Cryptocurrency trading and investing continue to be attractive to thousands of new users who hoping that there will be a repeat of the 2017 bull run. Last year, Bitcoin delivered more than 1,300% gains and other cryptocurrencies such as Ethereum and Ripple delivered exponentially bigger gains. If you are new to cryptocurrency trading, it might feel like jumping into a vast sea of unknown uncertainties. To start with, there are about 2,047 different coins, tokens, and altcoins in the market – it might be hard to know where to start trading.

Beyond deciding on the coins to trade, navigating the cryptocurrency markets might also feel unnervingly complicated. Thankfully, you can leverage technology to reduce the stress of navigating the maze and improving your odds of trading success.

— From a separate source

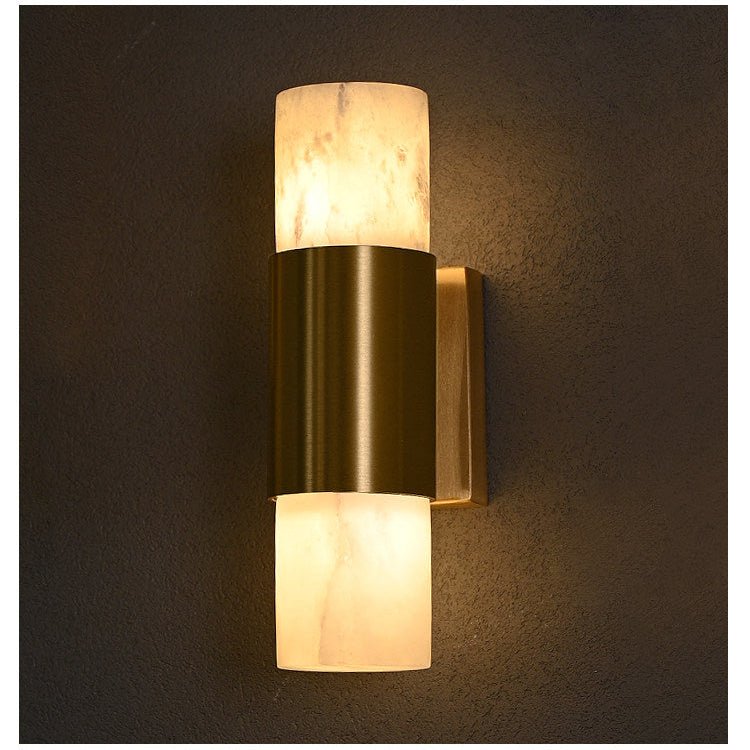 Arden Alabaster Wall Lamp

Below are 4 tips to use technology to your advantage as a cryptocurrency trader.

Portfolio management

Portfolio tracking and management is one of the activities that takes the bulk of the time for cryptocurrency traders and investors. The ideal cryptocurrency management tool will have a user-friendly interface that provides a snapshot of your holdings while also allowing slicing and dicing of your portfolio.  Many portfolio management tools have features such as price alerts and order book reviews. You’ll want your portfolio management tool to integrate with popular wallets and exchanges, and its also great if the system has a feature for tax calculations and reporting.

Choosing the right wallet

The importance of choosing the right wallet as a cryptocurrency trader or investor can never be overemphasized. A cryptocurrency wallet helps you to take responsibility for the storage of your cryptocurrency and it provides more security for your funds than the path of least resistance that most people take to keep their wallets on an exchange.   Some of the best cryptocurrency wallets support a growing list of coins; hence, it might be somewhat counterproductive to have a wallet for every coin you keep. You should also pay special attention to how the wallet utilizes seeds to protect your account in authenticating usage, encrypting transactions, and allowing your to recover your coins if you lose your device.

Using the right exchange

Cryptocurrency trading happens on exchanges – even investors who want to hold crypto for the long term will buy it on an exchange. Most people will choose their trading exchange based on ease of use, mobile responsiveness, and the quality of customer service. In choosing an exchange, you’ll want to at the number of coins available for trading, volume of trading recorded, and transactions fees charged on trades. More importantly, you should find out the kind of security measures the exchange has to prevent or thwart hacks. It’s also in your best interest to be sure that the exchange has an insurance policy of sorts to reimburse you in the event of an hack.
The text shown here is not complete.